• Source material

◇ ◇ ◇ ◇ ◇ ◇ ◇

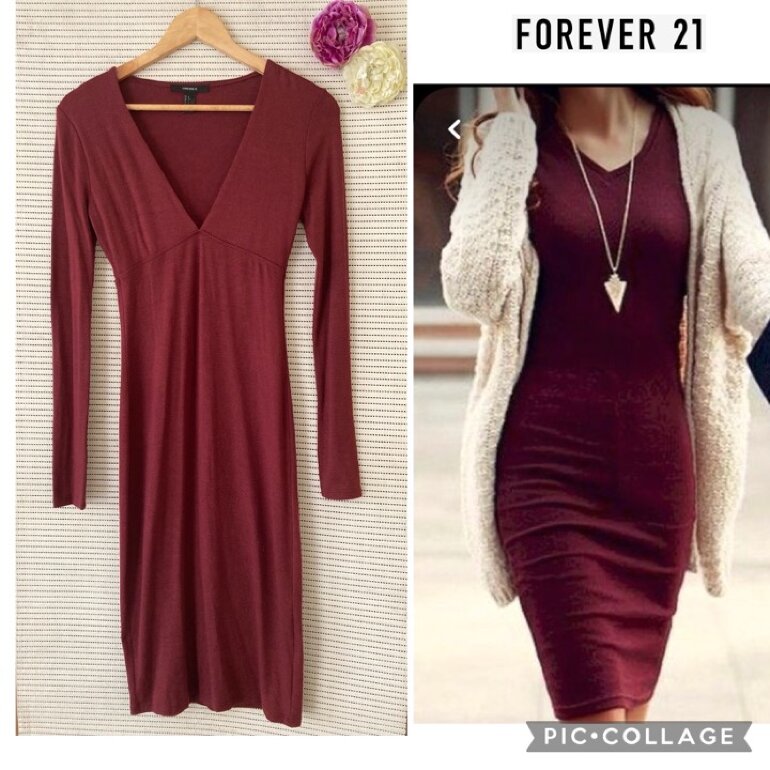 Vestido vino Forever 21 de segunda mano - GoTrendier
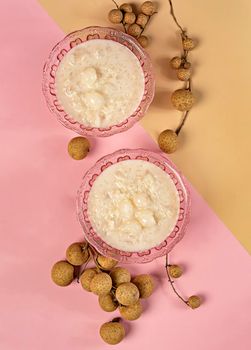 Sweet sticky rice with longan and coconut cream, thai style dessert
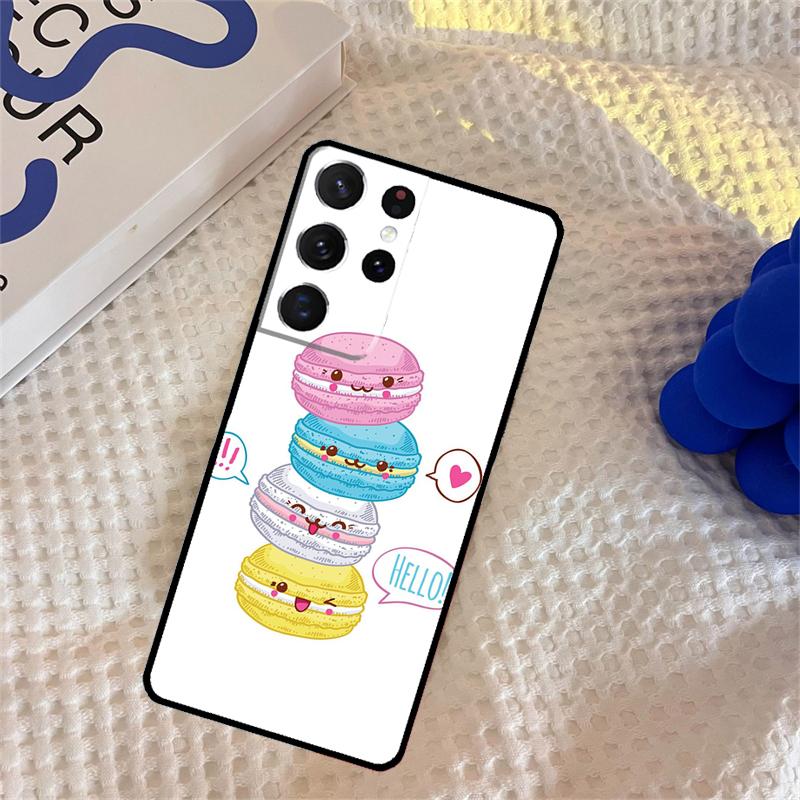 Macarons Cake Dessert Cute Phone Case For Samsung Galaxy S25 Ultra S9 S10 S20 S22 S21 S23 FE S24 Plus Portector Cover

◇ ◇ ◇ ◇ ◇ ◇ ◇

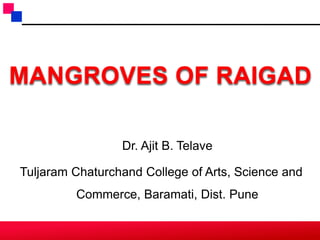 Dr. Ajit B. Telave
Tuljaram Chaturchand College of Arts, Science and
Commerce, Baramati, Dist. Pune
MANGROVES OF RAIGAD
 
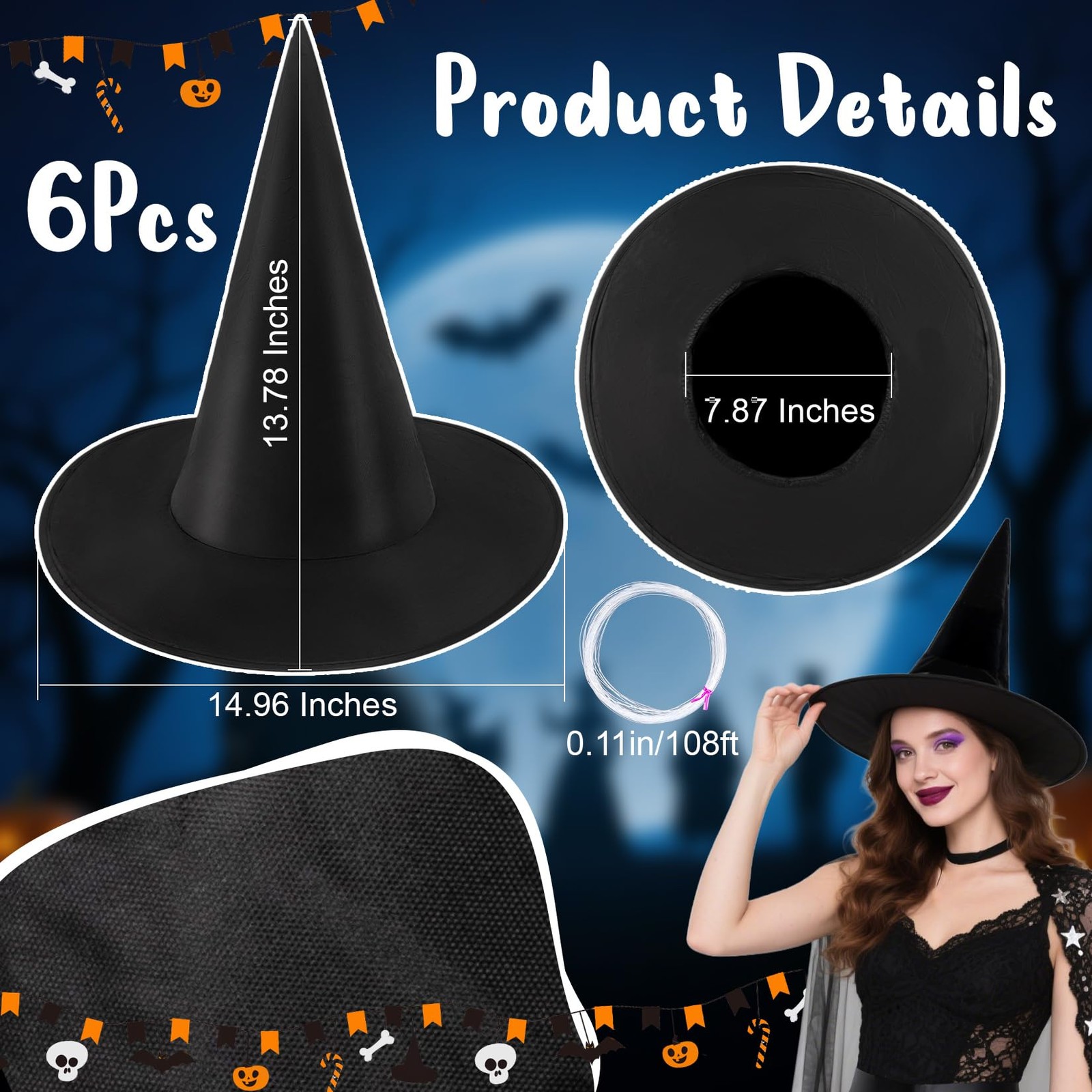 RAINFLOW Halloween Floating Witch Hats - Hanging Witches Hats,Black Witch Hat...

◇ ◇ ◇ ◇ ◇ ◇ ◇

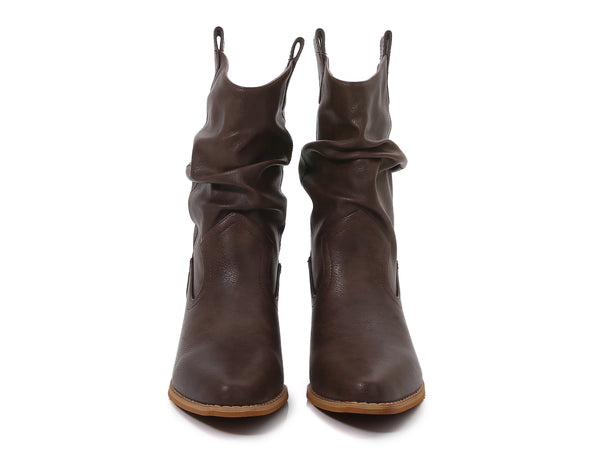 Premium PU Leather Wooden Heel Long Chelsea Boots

◇ ◇ ◇ ◇ ◇ ◇ ◇

• Your goal
In the records above, find the line containing "Tuljaram Chaturchand College" and the line containing "RAINFLOW Halloween Floating", then give both of them again word for word along with every line between. Omit any pictures.

• Result below
Tuljaram Chaturchand College of Arts, Science and
Commerce, Baramati, Dist. Pune
MANGROVES OF RAIGAD
 
 RAINFLOW Halloween Floating Witch Hats - Hanging Witches Hats,Black Witch Hat...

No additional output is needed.